We have our own "cancer cities" and other "insert-defect-here cities", probably caused by the "Capitalism is greater than communism" crap from the cold war. Make more nuclear bombs and nerve agents everyone, and test them in the open air.

No telling what is actually causing the increased autism rate, but it's probably related to city life, something in a heavily urbanized environment which isn't as common in the more rural locations. I'd guess lead or some other trace metal.

Prob'ly some heavy metal accumulation, yes. But also just being so crowded together along with saturated EM radio bands...
Just speculatin'...
unconvinced
3.7 / 5 (3) Apr 20, 2014
We pay China to be our waste disposal site for things that would get our 1/2% some nasty PR to dispose of here.

So far China's so-horrid communist gov has been saving our capitalist rears - burying our toxic crud in their land since around 2000 and buying our bonds since late 2007 - to the point of permanently jailing one of their famous photographers because they caught him putting photos of the havoc created online.

But we're still top jock so most of Asia continues to make a lot of our drugs and food, not to mention our clothes and electronics, for yet more of our paper $. A lot of our jobs go away but our 1/2% do fine so the rest of us close our eyes and hope.

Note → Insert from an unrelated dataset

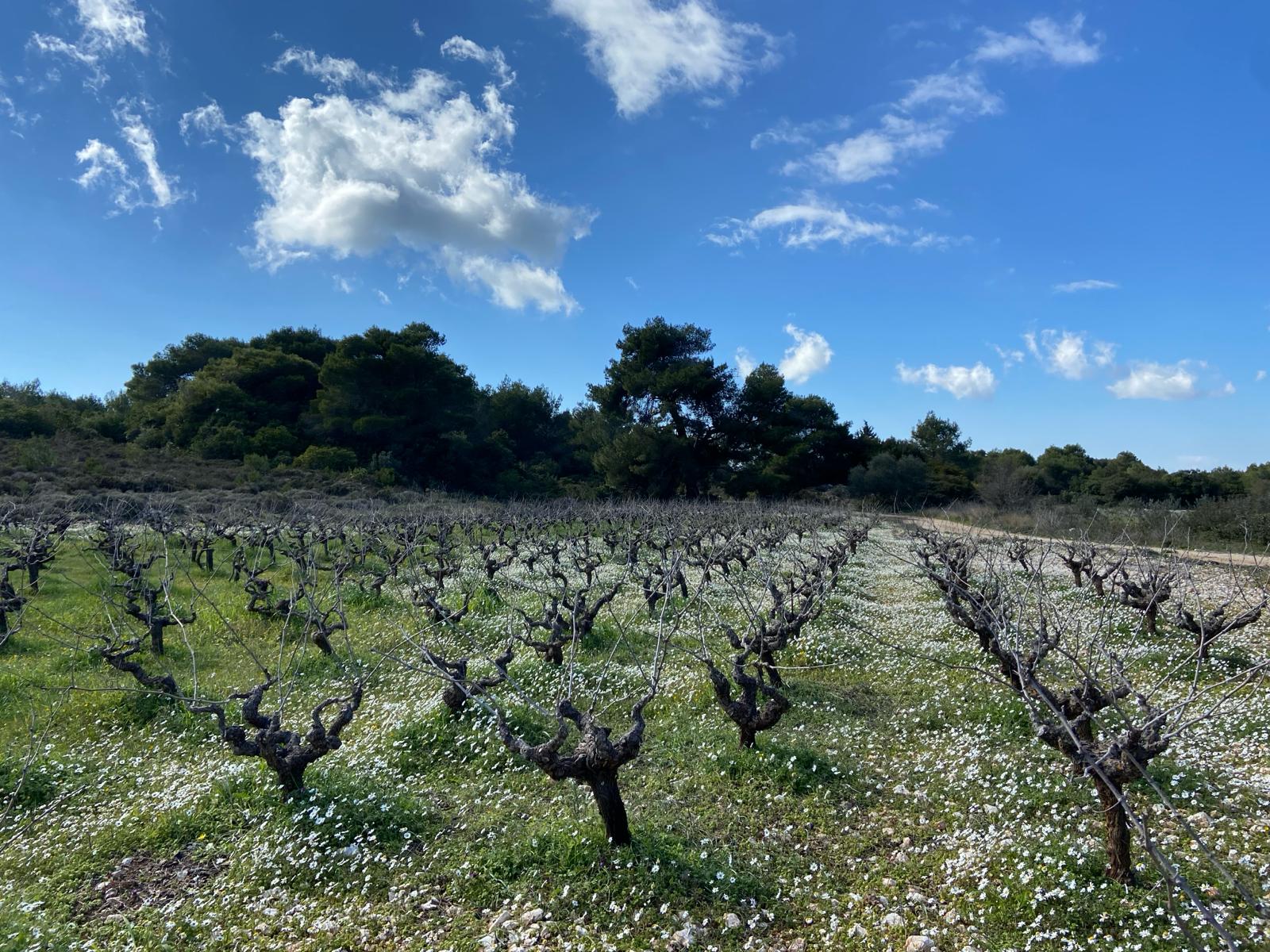 Domaine Kefallinos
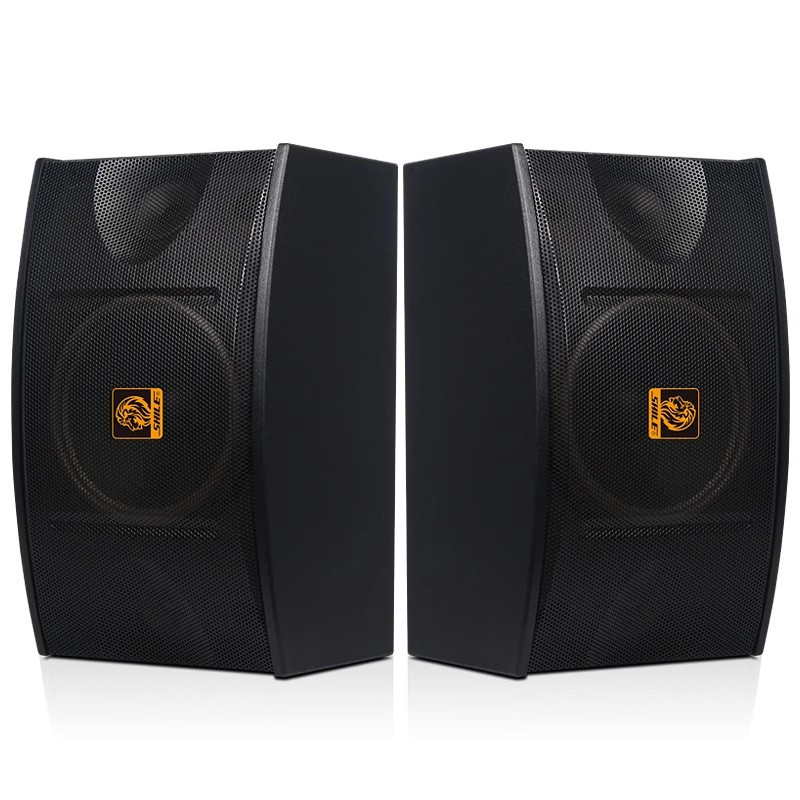 狮乐shilebx103专业ktv卡包箱10英寸舞台会议全频音响家庭卡拉ok音响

So far only Japan has lost out pretty permanently irradiating their land using those nuclear reactors we designed - though lots of that crud is coming home to us. Not to mention our radiation storage problem in New Mexico and our own over-age reactors with problems never spoken of.

Ain't capitalism great?
ryggesogn2
1 / 5 (3) Apr 21, 2014
Ain't capitalism great?

It is.
But you didn't describe capitalism. You described socialism.
unconvinced
5 / 5 (2) Apr 21, 2014
You need to learn the difference between socialism of various levels, and communism. And not call the U.S. a democracy - it is a representative republic, with political office-holders now selected by fewer of the rich than ever before.

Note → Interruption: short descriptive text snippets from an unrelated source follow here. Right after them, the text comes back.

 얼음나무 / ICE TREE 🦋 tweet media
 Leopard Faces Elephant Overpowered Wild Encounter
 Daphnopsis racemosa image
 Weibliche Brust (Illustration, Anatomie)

We have some level of (now declining) socialism for things like our roads and utility systems, education, Social Security/Medicare (though we pay for those ourselves), and for a short time had a rather economic democracy. The rich now have decimated their consumer class and done away with a health system that worked for most everyone, but a short-term profit economic focus by the 1/2% will do that for you. Criminal that we come in 37th on life expectancy now, huh?